# Review: Alienware Aurora 7700m Notebook



## Elysian (Sep 4, 2005)

In October, I purchased the Alienware Aurora 7700m Notebook for my husband as a gaming/work computer. Yes, it weighs a ton, but since he does not travel much, he figured the weight would not be an issue. The general specifications are a dual-core P4, 17" LCD, Nvidia 6800m video card with 256MB memory that's upgradable, 1024 MB memory, DVD-RW optical, SATA Raid hard drive configuration, a bunch of card slots (secure digital, memory sticks, etc), firewire, USB ports, Audio DJ (to play your music CDs without turning on the notebook), Windows XP Pro, and weighs about 12 LBs without the brick. With the brick, it's about 16 LBs.

*The Good*

The notebook is as fast as a desktop. And the LCD is gorgeous, but very reflective. Movies look great. Games like Rome: Total War and Civ4 play very well on decent to high graphic settings. No hitches with the games like an average notebook: no lags, reboots or crashes due to lack of video card capablility or other hardware. Word processing and internet are a no brainer on this machine. It also has an extra-wide keyboard that has a number pad (you have to use the function key to access it or to turn it on -- we never use it).

Alienware's tech support seem to get to you fairly quickly -- within seven minutes.  I had to wait about 10-15 minutes right before the Christmas holiday, though.

*The Bad*

*The notebook needs to be plugged in all the time.* The battery does not hold a charge even after charging overnight. This issue damaged my notebook to the point where "no operating system found" popped up after trying to boot it up. I turned it on with just the battery (and it had been charging for at least a day), and Windows froze during start up. Since ctrl+alt+del was not working, I had to hold the power button down to force a shut down. Upon restarting the notebook, it couldn't find the operating system -- after a month and a half of ownership! We had to ship it back to Alienware right before the Christmas holiday to repair it.
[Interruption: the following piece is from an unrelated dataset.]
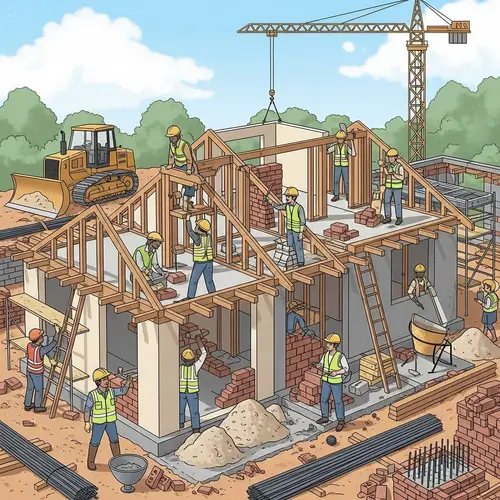 Diverse Construction Workers Building a House | Construction Site Progress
We paid for premium three year support on this machine (the expensive extra one) and Alienware does not provide any sort of expedited repair. Shipping to Alienware was by Federal Express Saver and took three days to get to them. Shipping back to me was by Fed Ex Ground and took a week to get back to me. We waited three weeks for this computer to be shipped back to us, where he had no computer to use for work (Alienware was not sympathetic at all), so I had to buy another notebook for him to use in the interim.

Audio DJ does not work from the moment we received the computer. It still does not work after it was "repaired" by Alienware.

According to Alienware, they had to replace the motherboard, optical drive and replace the CPUs. There is a sticker on the bottom of my notebook stating that the parts installed were tested to be working prior to installation but the notebook itself was not tested to see if it actually worked. Which is why Audio DJ does not work. They didn't even bother to check to see if everything worked before shipping it back to us!

Now, Windows takes about three to five minutes to boot. Is this a replay of our original "no operating system found" issue? Needless to say, I had a very lengthy, unhappy conversation with tech support, _again_. My husband demanded to get our money back from Alienware or a brand new laptop. Alienware said that they cannot do that. I did all the things the tech told me to do without the restore CDs they sent me (who lugs those things with you on a road trip anyway?) I hung up with tech support since he was making me do the Windows check disk, that takes forever. After that, Windows reboots as it normally does. I figured out that Windows takes forever to boot if I had my PCMCIA wireless card in the slot.

I'm still not happy that I spent all this money for a headache. It pretty much works, except that I can't unplug it or use Audio DJ.

Another feature I find strange is how they laid out the keyboard. It's recessed towards the screen and you have about seven inches of palm rest before the keyboard, making you lean in further towards the computer and a bit uncomfortable to type.

In conclusion, I really regret plunking down the money for this lemon. Although it sort of works right now, I'm always waiting for the other shoe to drop for something else to screw up.

[HP Small Business at least gives you the option to purchase their "next day" support, where they pay for next day shipping, both ways ... which works really well, too. I got my work notebook fixed and returned to me three days after I shipped it.]


----------



## Gabriel (May 2, 2003)

Thanks for the infio on Alienware Elysian...sorry you are having this problem with them


----------



## SIR****TMG (Aug 12, 2003)

Thanks for the info..............


----------